A major of focus of Te Papa’s work is on documenting aspects of Intangible Cultural Heritage including oral histories and traditions, performances, knowledge around crafts, social practices, rituals and customs. Language is an important element of all of these activities.
Regular readers of the blog will know that we have already celebrated the Samoan, Tongan and Cook Islands language weeks this year. This week is Tuvalu language week and the theme is “Tuvalu tau gana ko tou lagaifakalaga Tuvalu, your language keeps your culture and identity afloat”.
Over the next five days curators from the Pacific Cultures team will be highlighting key Tuvalu artefacts and stories from Te Papa’s collections. To introduce you to Tuvalu, here are valu (eight) things you should know.
- “Tuvalu” means eight islands although there are actually nine inhabited islands.

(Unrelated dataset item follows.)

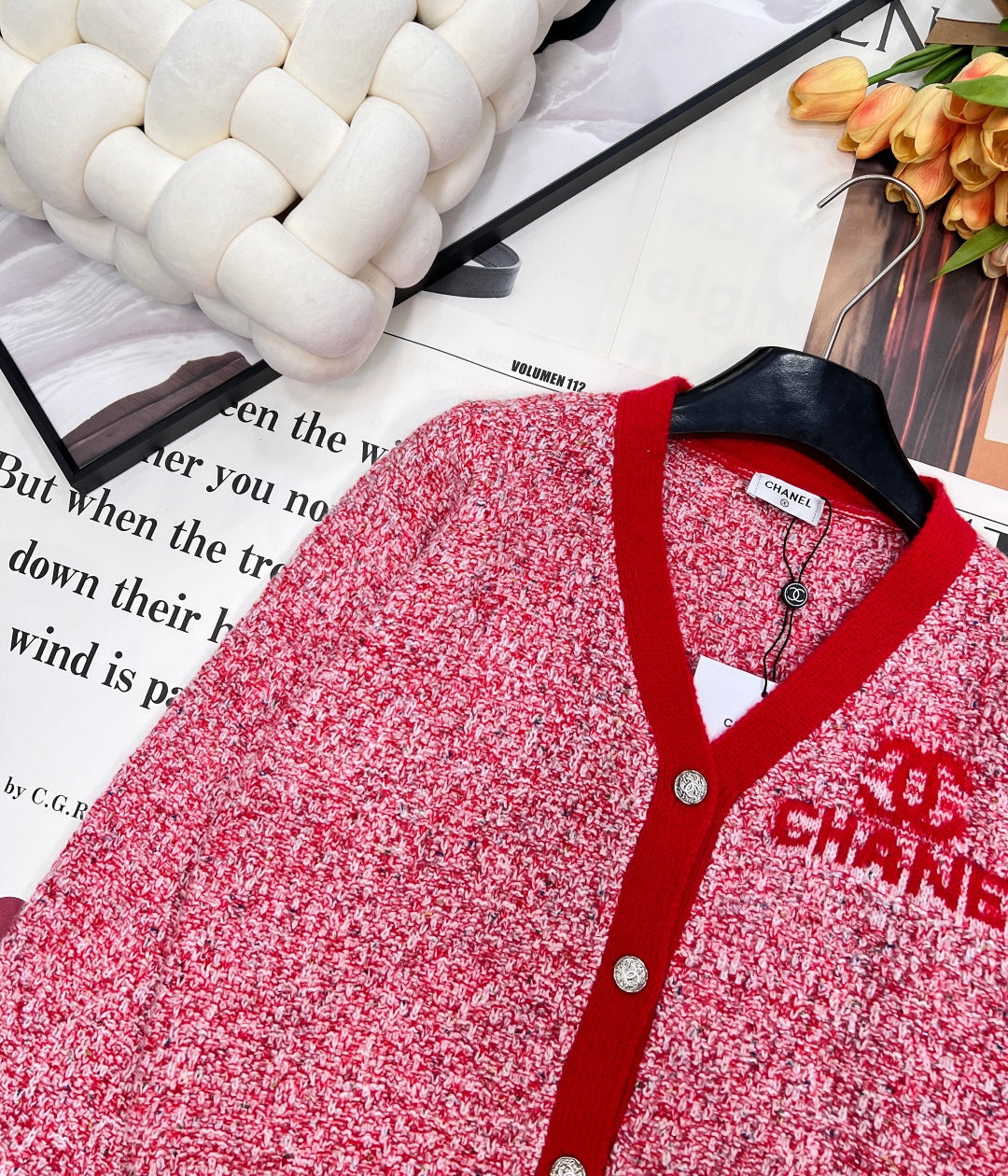 CHANEL 25S V-NECK CARDIGAN 439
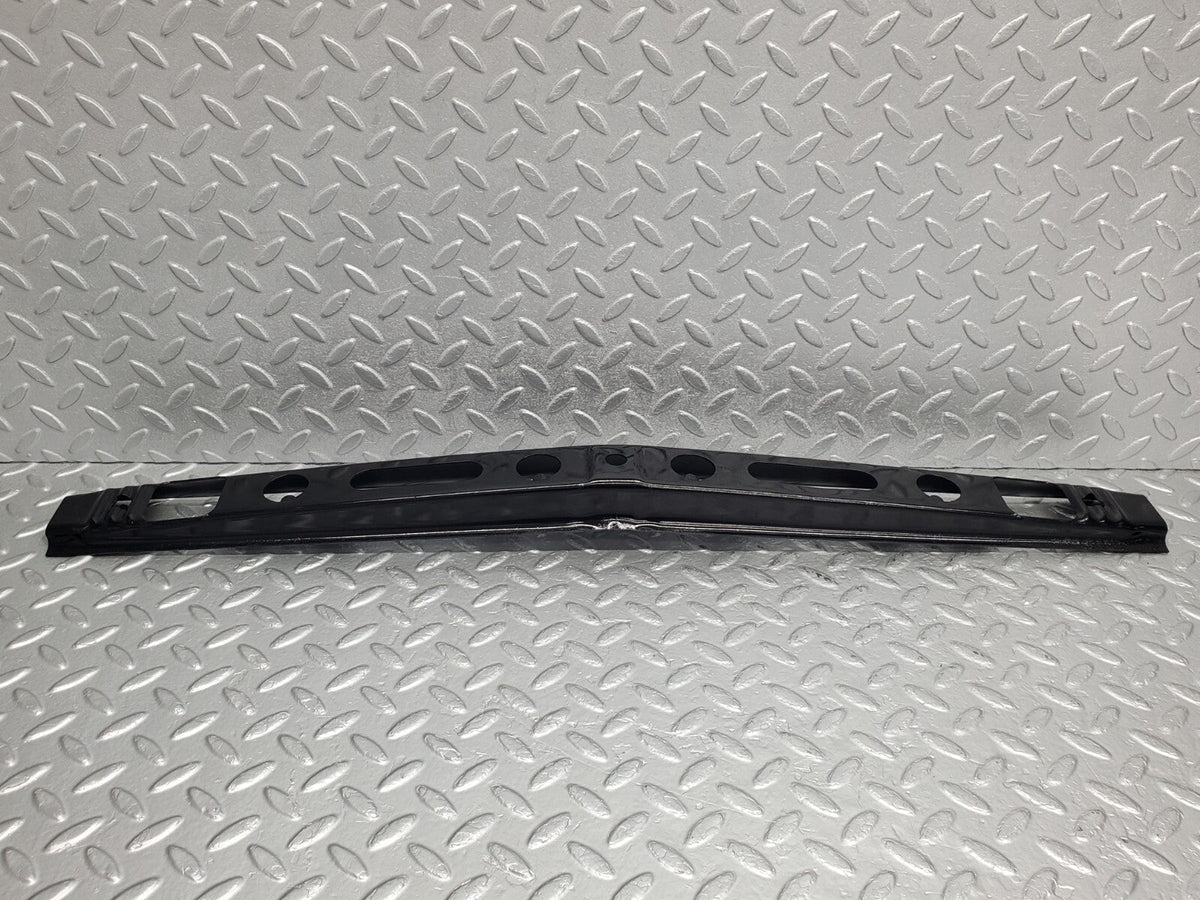 48760 Mercedes-Benz W123 Front Bumper Centre Bracket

Tuvalu was part of the British colony of the Gilbert (now Kiribati) and Ellice Islands from 1892 until its independence in 1978.
Tuvalu has a combined land area of approx. 26sq kms, but it has an Exclusive Economic Zone that is 900,000sq.kms.
The highest elevation is 4.6 meters above sea level making the atolls of Tuvalu very vulnerable to changes in sea level.
- There are no streams or rivers in Tuvalu. People rely on catchment systems and a desalination facility for water.
Most people in Tuvalu rely on fishing and agriculture for their day to day subsistence. The main exports are copra and fish.
In 2012, Tuvalu had a population of 9847 people.
In 2006, there were 2,625 Tuvalu people in New Zealand, the seventh largest Pacific ethnic group.